Gezimizin asıl amacı 1475 yılında Gargaradan yani şahsi doğum yerimiz olan Ermenek Güneyyurt beldesinden Selanik’e tehcir edilen ve 550 yıl sonra 1924 senesinde Lozan antlaşması sonrası uygulanan mübadele gereği Antalya’ya yerleştirilen Gargaralıların torunlarıyla tanışmak ve sohbet etmekti.
Kısacası anlayacağınız, İstanbul fethedildikten sonra elde edilen Avrupa topraklarına Türklerin yerleştirilmesi gerekiyordu. Bu bağlamda mücadeleci ve fetih ruhlu Karamanoğlu topraklarından da Avrupa’ya tehcir ve iskânlar oldu. Bunlar arasında Ermenek Gargara köyünden de kırk elli hane göç ettirildi.
İşte bu gargara benim köyümdür, buradan gidenler Selanik Kesendire’ye geldiklerinde kendilerine gösterilen alana Gargara adını vererek geldikleri köyün adını yaşattılar. Bu Selanik Gargara köyü mübadelede yani Türkiye’deki Rumların Yunanistan’a, Yunanistan’daki Türklerin de Türkiye’ye tehcir ettirilmeleri sırasında Antalya Değirmen önü köyüne yerleştiriliyorlar.
Değirmen önü şu anda Murat Paşa ilçesinin merkezi olup Kaleiçi’nin hemen dibidir. Yüz yıl önce Antalya, sadece kale etrafında yoğunlaşan küçük bir yerleşim yeridir.
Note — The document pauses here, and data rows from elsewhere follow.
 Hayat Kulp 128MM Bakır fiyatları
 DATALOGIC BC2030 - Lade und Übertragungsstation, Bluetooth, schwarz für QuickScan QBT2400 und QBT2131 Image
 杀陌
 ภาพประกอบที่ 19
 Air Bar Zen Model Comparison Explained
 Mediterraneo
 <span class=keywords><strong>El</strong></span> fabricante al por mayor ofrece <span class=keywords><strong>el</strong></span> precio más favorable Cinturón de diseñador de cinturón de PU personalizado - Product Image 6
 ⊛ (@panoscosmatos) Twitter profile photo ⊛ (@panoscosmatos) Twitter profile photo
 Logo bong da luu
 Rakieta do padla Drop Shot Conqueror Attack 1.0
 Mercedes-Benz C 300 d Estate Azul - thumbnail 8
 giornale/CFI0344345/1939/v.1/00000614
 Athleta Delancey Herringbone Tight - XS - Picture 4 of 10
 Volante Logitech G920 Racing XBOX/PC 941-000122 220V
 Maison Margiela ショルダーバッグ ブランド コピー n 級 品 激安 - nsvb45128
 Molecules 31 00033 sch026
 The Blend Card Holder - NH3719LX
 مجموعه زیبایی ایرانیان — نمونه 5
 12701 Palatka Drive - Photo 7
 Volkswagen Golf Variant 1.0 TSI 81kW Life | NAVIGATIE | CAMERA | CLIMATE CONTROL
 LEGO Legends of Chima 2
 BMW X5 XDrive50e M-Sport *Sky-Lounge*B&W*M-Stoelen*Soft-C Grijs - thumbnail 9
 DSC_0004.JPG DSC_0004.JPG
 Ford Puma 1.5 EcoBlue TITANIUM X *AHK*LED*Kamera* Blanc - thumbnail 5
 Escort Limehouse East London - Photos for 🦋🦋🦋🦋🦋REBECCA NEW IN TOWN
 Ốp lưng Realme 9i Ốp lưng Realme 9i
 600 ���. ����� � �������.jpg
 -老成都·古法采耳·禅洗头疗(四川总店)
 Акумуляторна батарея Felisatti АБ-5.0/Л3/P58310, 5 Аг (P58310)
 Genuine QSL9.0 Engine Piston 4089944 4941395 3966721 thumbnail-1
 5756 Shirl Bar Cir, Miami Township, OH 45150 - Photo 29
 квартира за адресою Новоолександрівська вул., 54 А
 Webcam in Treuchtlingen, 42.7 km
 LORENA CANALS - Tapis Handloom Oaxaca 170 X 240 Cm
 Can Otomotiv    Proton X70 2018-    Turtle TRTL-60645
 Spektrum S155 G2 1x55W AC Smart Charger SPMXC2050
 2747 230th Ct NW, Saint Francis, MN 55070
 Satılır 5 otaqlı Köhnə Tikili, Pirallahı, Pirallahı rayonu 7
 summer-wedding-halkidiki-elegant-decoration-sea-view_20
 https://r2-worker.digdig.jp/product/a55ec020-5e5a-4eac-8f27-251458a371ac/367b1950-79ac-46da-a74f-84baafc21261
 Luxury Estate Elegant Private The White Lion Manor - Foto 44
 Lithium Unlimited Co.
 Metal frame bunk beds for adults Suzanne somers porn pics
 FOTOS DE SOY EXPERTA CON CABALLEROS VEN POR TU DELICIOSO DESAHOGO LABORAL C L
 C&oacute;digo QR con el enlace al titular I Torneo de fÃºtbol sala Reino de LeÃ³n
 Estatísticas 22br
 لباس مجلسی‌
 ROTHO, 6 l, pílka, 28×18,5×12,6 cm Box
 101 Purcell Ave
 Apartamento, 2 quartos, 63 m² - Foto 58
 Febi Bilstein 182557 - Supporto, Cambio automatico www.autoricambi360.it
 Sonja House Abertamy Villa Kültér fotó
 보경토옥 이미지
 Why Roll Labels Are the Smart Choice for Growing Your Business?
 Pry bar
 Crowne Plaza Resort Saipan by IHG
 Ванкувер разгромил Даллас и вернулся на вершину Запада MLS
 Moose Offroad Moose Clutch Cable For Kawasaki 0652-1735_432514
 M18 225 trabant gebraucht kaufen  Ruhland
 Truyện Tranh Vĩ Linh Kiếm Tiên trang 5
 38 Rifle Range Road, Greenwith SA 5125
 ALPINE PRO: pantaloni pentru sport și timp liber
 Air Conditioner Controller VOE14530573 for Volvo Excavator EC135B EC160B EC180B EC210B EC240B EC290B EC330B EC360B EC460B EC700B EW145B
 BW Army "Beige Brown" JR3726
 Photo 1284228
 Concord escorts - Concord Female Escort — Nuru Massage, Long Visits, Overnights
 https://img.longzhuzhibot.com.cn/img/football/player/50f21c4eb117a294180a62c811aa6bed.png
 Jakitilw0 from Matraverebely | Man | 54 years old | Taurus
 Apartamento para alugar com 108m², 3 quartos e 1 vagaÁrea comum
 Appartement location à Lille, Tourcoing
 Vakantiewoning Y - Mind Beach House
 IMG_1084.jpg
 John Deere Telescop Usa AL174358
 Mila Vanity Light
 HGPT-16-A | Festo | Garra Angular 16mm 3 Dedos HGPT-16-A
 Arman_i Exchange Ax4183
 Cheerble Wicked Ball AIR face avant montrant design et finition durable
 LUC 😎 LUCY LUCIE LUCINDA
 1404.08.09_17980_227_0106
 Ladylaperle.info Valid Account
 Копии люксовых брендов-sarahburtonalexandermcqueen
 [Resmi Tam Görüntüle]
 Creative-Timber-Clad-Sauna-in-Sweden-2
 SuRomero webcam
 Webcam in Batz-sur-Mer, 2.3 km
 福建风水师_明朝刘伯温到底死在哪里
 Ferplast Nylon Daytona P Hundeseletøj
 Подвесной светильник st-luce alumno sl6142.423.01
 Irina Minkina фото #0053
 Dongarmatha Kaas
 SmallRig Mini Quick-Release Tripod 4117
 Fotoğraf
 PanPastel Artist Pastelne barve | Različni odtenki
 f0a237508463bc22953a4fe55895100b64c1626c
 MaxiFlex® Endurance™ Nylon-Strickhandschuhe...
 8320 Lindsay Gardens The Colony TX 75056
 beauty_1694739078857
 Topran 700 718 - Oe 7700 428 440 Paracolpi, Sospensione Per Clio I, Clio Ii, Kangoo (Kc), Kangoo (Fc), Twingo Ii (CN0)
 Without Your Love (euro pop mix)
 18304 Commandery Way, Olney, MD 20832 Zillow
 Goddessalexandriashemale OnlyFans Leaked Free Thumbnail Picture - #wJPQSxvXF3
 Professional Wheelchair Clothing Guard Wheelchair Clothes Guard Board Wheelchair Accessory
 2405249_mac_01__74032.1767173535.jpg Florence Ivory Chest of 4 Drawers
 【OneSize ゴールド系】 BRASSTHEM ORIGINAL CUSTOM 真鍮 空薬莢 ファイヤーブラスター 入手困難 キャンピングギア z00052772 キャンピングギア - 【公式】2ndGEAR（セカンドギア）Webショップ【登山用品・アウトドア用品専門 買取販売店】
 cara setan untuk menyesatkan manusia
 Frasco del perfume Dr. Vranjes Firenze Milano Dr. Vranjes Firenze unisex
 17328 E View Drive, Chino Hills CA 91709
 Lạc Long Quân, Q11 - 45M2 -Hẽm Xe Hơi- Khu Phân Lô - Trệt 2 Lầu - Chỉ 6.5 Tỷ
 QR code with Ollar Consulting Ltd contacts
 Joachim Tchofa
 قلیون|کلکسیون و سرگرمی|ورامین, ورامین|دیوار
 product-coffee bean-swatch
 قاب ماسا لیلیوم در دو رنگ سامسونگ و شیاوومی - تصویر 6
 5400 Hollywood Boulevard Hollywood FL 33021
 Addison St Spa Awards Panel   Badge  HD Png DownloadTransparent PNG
Selanik göçmenleriyle burası bugün devasa bir Antalya kentinin temelini oluşturulmuştur.
Selanik’teki Gargaralılar dilden dile kendilerinin Konya’dan (O zamanlar Konya Karaman eyalet merkezidir) geldiklerini ve geldikleri köyün adının da Gargara olduğunu anlatıyorlar.
Antalya’ya yerleşen Selanik Gargara köyü eşrafından Hasan oğlu Emin Efendi torunlarından Emin Necdet Bağrıyanık adlı değerli kuzenim, asıl temel Gargara köyünü araştırırken şahsımın Gargara ile alakalı yayınlarını görür ve benim telefonumu bularak temasa geçer.
Antalya Değirmen önü mevkiine Selanik Gargara, Avanlı ve Baraklı köyleri halkları 1924 yılında mübadele yasasıyla iskân edilir.
Değirmen önüne yerleşen bu ata yadigârı kuzenlerimizle buluşmak üzere Emin Necdet beyin daveti üzerine geldiğimiz Antalya’da ağlatan mülakatlar yaptık. “Gargara’dan Gargara’ya” adlı tarihi gerçeklere ve arşiv kayıtlarına dayanan hikâye – roman tarzı eserimiz için bilgi ve belgeler topladık.
Selanik Gargarasından gelenlerle Ermenek Gargarasından yanlarına giden bendenizin sohbet ve görüşmelerinin ayrıntısına geçmeden şimdi gezi notları için başa dönelim.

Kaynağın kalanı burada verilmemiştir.